Team:DTU Denmark/applications

There are numerous potential applications for our genetic device, but here we have highlighted three key applications: an in vivo redox sensor, improved chemostat product formation and applications in cancer research.

The gene encoding green fluorescent protein (GFP) is widely used as a reporter gene in molecular biology. By placing the ROB promoter upstream of a GFP gene on a plasmid, and transforming the whole system into a yeast cell, GFP will be expressed at certain NAD⁺/NADH levels. When the REX-activator protein is bound to DNA, GFP expression will produce a visible and quantitatively measurable signal, which will be an indirect measure of the NAD⁺/NADH ratio.

In vivo online monitoring of the redox poise

A Redoxilator plasmid can be transformed into any yeast cell to analyse the NAD⁺/NADH level by online measurement of reporter gene expression. The internal redox level of the cell is very indicative and have serious impact on product formation of many products.

The measuring of cellular NAD⁺/NADH levels is usually a difficult process, especially due to fast changes in NAD⁺/NADH ratio that can occur when a sample is taken and exposed to slightly new conditions. With this sensor system, the quantitative measurement of the reporter gene will provide a fast and reliable way to determine the NAD⁺/NADH ratio in vivo. The plasmid can be transformed into a yeast strain allowing the NAD⁺/NADH ratio to be continuously monitored. As an example this plasmid can be used to study whether an engineered yeast strain has an altered NAD⁺/NADH ratio. The plasmid can be transformed into different yeast strains (e.g. wild type versus an engineered strain or two production strains) and the NAD⁺/NADH ratio can be compared.
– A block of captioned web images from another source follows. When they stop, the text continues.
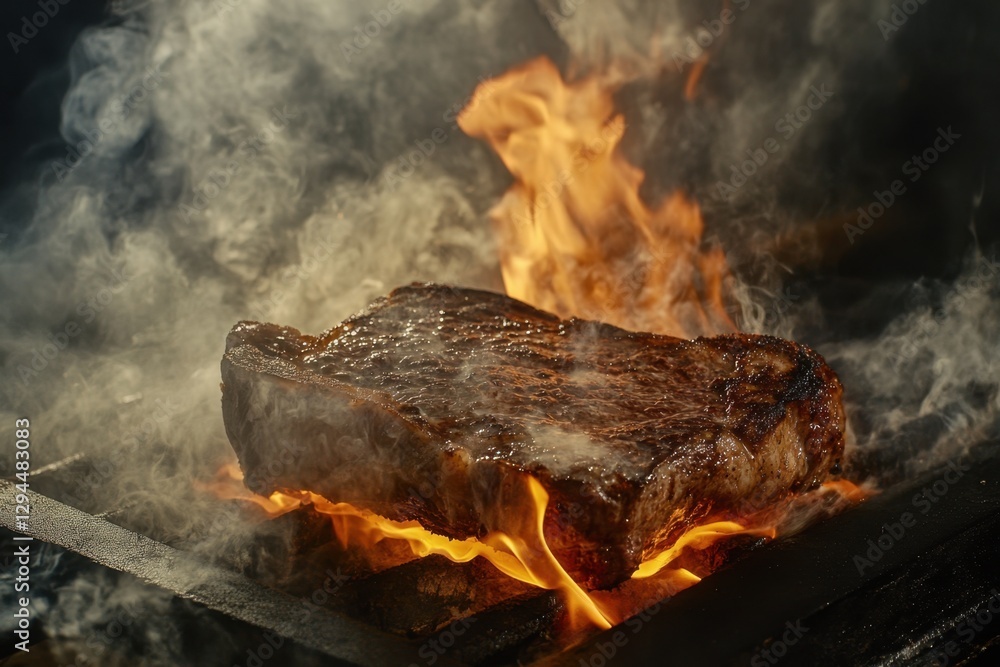 Naklejka premium Sizzling Medium-Rare Steak Cooking on Grill Restaurant Kitchen Food Photography High-Heat Environment Close-Up View Culinary Art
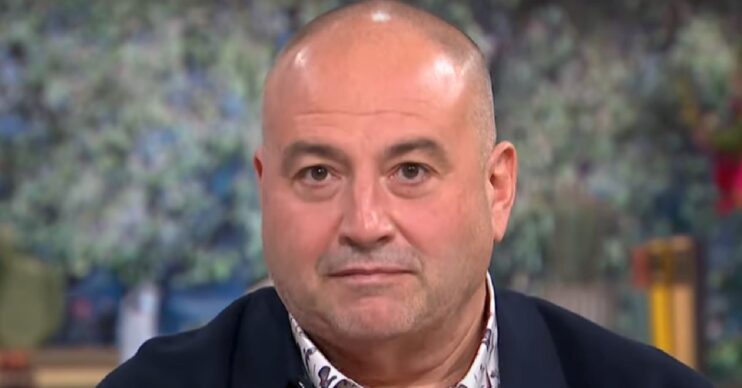 Wynne Evans looking straight to camera on This Morning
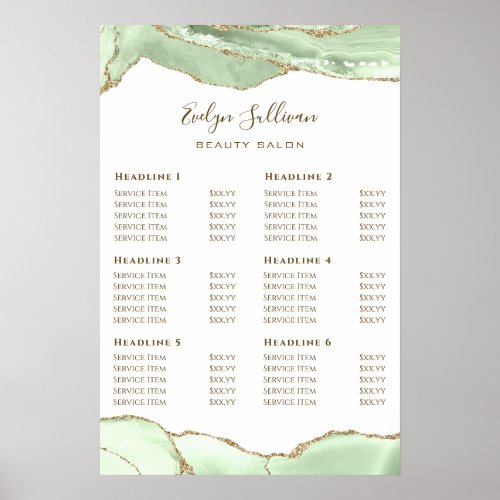 Jade green Price List Poster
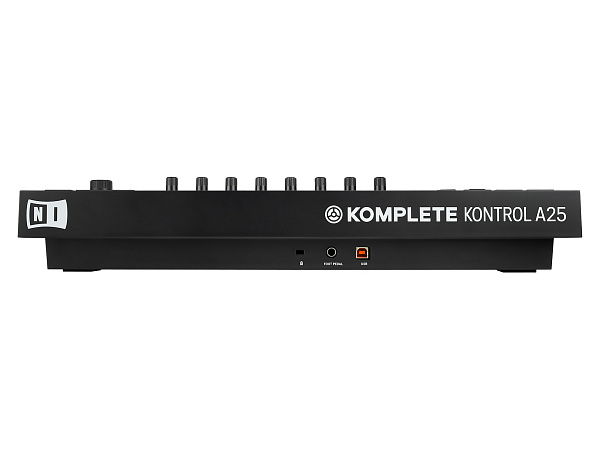 MIDI клавиатура [25230] Native Instruments [KOMPLETE KONTROL A25]  25 клавиш, полувзвешенная, 8 ручек управления, колеса высоты тона и модуляции, 4-позиционный энкодер, OLED-дисплей, TRS-вход для педали, USB-порт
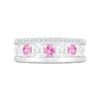 Thumbnail Image 1 of 3.0mm Pink and White Lab-Created Sapphire Alternating "MOM" Triple Row Band in Sterling Silver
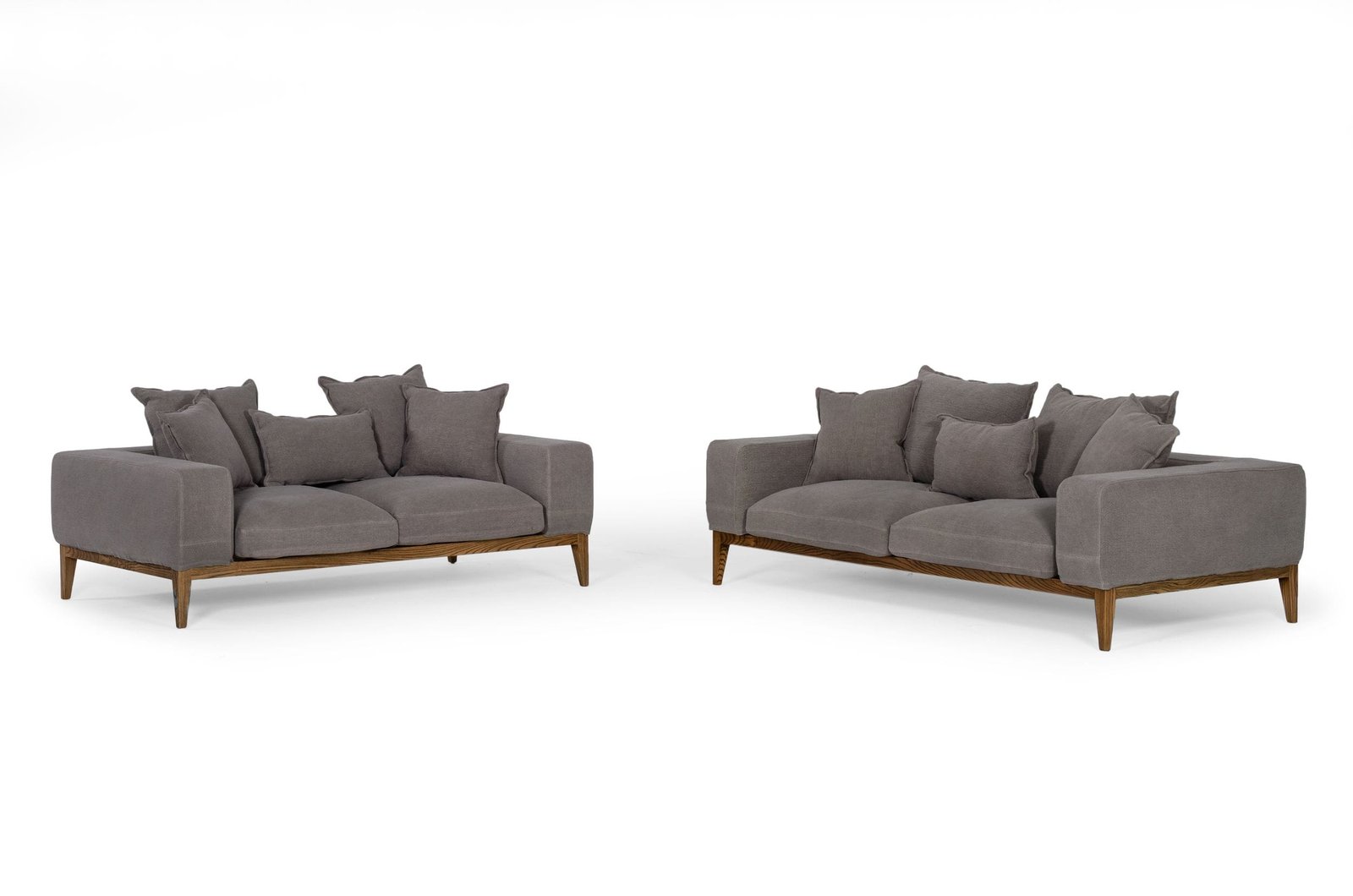 Divani Casa Corina - Modern Grey Linen Loveseat - Image 2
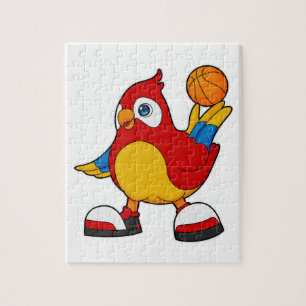 Quebra-cabeça Papagaio como jogador de basquetebol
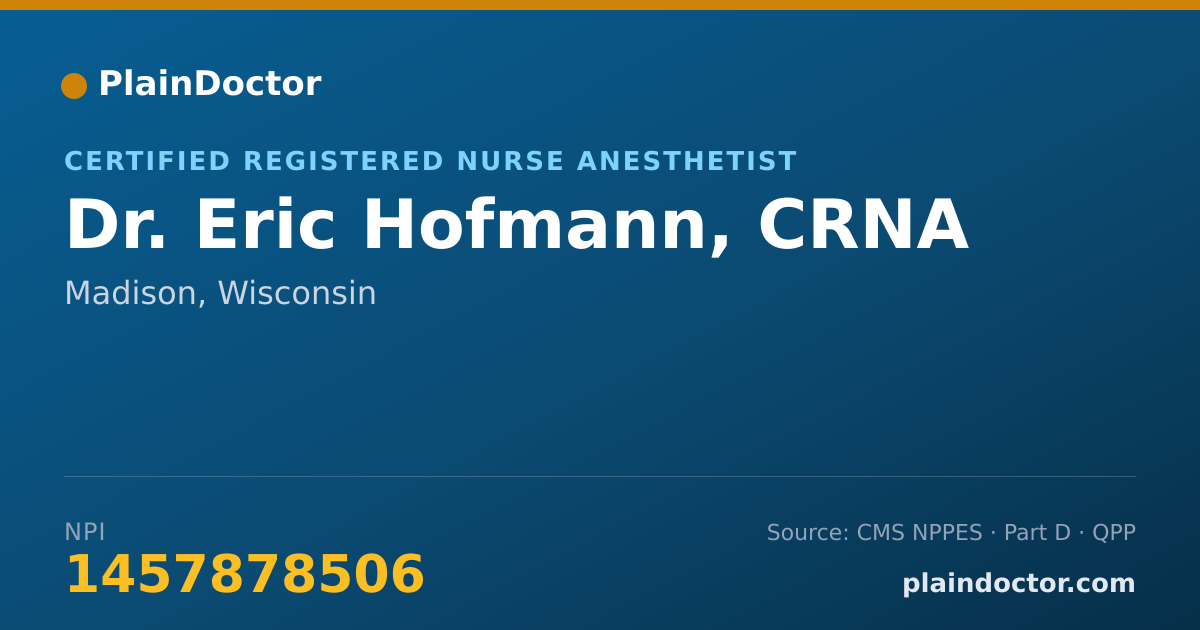 Shareable card for Eric Hofmann, CRNA - Certified Registered Nurse Anesthetist, Madison, WI
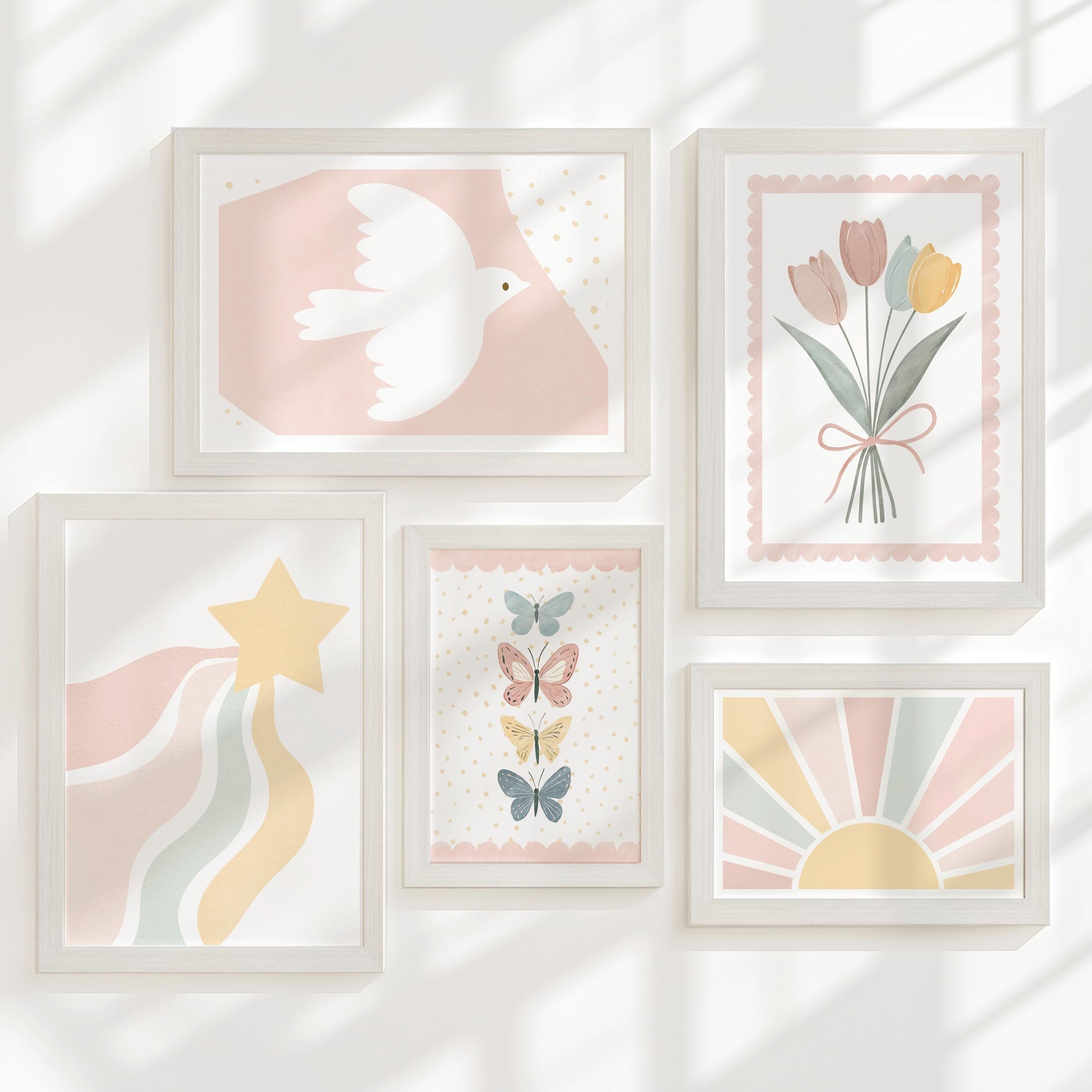 Pastel Nursery Gallery Wall Art – Tulips, Dove & Butterflies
When S. cerevisiae are grown continuously in a chemostat, the productivity of e.g. antibiotic or protein product gradually decreases [Personal correspondence with the fermentation industry]. This occurs during maximum production and is believed to be the result of metabolic adaption with reduced product formation as a consequence. The metabolic adaption is believed to occur because the cells are stressed by the extensive production. The cells will adapt to the new metabolic situation, which will gradually lead to lower production rates. This is highly undesirable in the biotech industry, as the chemostats will have to be restarted on a regular basis, which is costly and time consuming.

Simulation of a chemostat fermentation with the Redoxilator Production system

Changes in the NAD⁺/NADH ratio (A: top graph) lead to change in the Rex DNA binding affinity (B: middle graph) leading to controlled bursts of reporter gene expression (C: lower graph).

A strategy to lower the effect of the metabolic adaption could be to couple the protein productivity with our redox-sensing device. If the NAD⁺/NADH level vary over time, it will lead to periodic burst of gene expression leading to product formation. Consequently the cells will have time to recover periodically from the metabolic stress that occurs during the protein production phase. There are many indications that this will lead to a prolonged effective chemostat operation, and ultimately higher accumulation of product before a costly restart of the chemostat is required.

iii) Yeast as a model organism for humans: Redoxilator in cancer research

Yeast is used as a model organism for humans in many research projects. As an example, studies of the yeast cell cycle have paved the way for most of the knowledge about the cell cycle in mammalian cells. As yeast has been widely used as a model organism for studying cancer an integrated tool for detecting a significant change in the redox potential would ease this research, especially because a rising NADH level is seen as a hallmark of carcinogenesis.
Another prospect is preliminary research of gene therapy with DNA coding for the REX-activator protein controlling the transcription of a cancer drug. As cancer cells have extreme NAD⁺/NADH levels, the drug would mostly be expressed in cancer cells, leaving most normal cells unharmed.